In January 2023, I embarked on a new journey as a Data Engineer with Quantexa, a dynamic fintech company founded in 2016. Renowned for its ground-breaking work in advanced network analytics and dynamic entity resolution, Quantexa operates with a vision that better decisions can be made through a greater understanding of context. It’s inspiring to be part of an organization whose pioneering technologies are applied across diverse sectors such as Finance, Insurance, Energy, and Government, generating valuable insights from data and addressing significant business issues like lead generation, customer insight, fraud, and financial crime.

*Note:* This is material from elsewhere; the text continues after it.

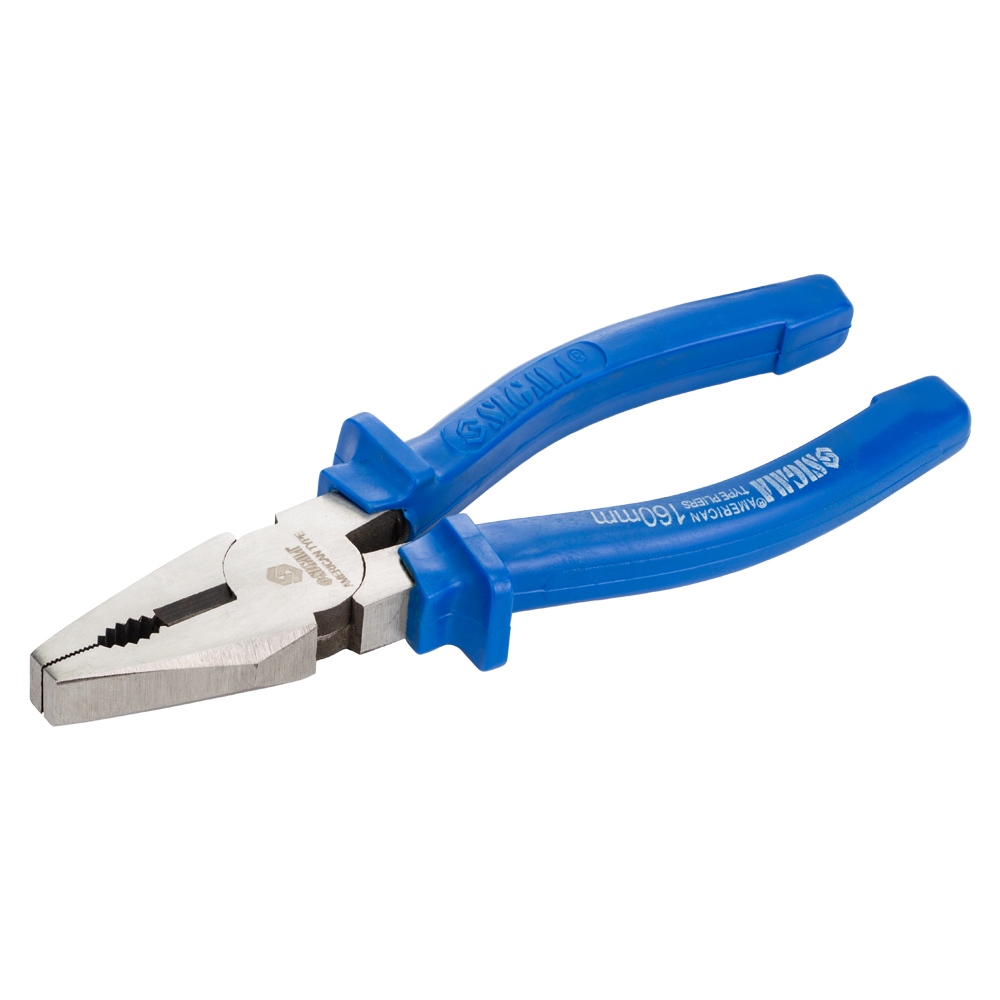 Плоскогубці Sigma сині 160 мм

My role at Quantexa has been dynamic and impactful, contributing to the development, testing, and documentation of a wide array of data engineering tools and best practices. These materials have found applications in Quantexa’s software deployments, strengthening the company’s data engineering function and enhancing the quality and efficiency of project delivery.

Despite being relatively new to Scala, I’ve made significant strides in mastering this powerful language during my tenure at Quantexa. With its fundamental role in data processing tasks within big data ecosystems, Scala quickly became a priority in my learning path. My growing proficiency in Scala has already yielded tangible results, with my contributions starting to influence development sprints and code optimization. Whether it’s grappling with complex data problems or working towards system stability, my burgeoning understanding of Scala has been put to good use.

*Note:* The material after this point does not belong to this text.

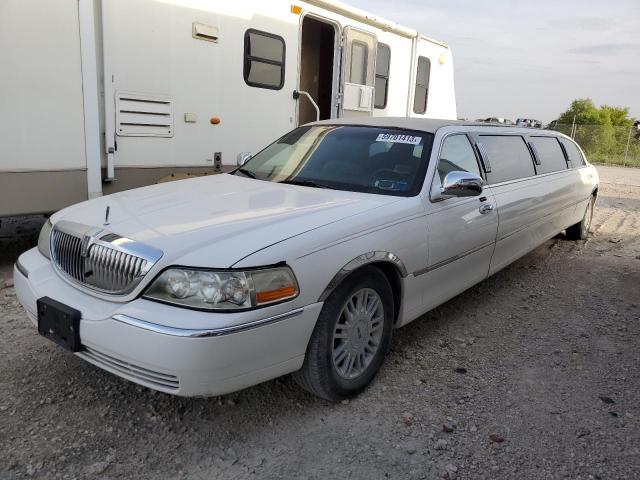 1L1FM88W75Y646082 - 2005 LINCOLN TOWN CAR EXECUTIVE WHITE photo 1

One of my primary responsibilities involves defining big data best practices across the business. With a solid background in big data technologies such as Spark, Hadoop, and Elasticsearch, I’ve been able to bring valuable expertise to the table. My programming skills in Java, Python, and Scala have further enabled me to contribute effectively to the team’s initiatives.

Stakeholder engagement has been a crucial aspect of my role, allowing me to work closely with delivery teams, clients, and partners to provide high-quality solutions. These solutions span both cloud and on-premise environments and cover a variety of tasks including big data processing/ETL pipelines, cleansing, parsing and standardising global datasets, data classification, and entity extraction/resolution.

Building on my accomplishments at Quantexa, I undertook the Quantexa Academy, where I excelled by scoring an impressive 97% and earning the title of Quantexa Certified Data Engineer. My success in the academy has fortified my understanding and expertise in the field. Furthermore, I’ve frequently extended my support to other academy participants and my team, establishing a collaborative learning environment.

My journey at Quantexa is continuously evolving, offering daily opportunities for learning, development, and contribution to the exciting field of data engineering. As this journey continues, I look forward to sharing more updates in due course.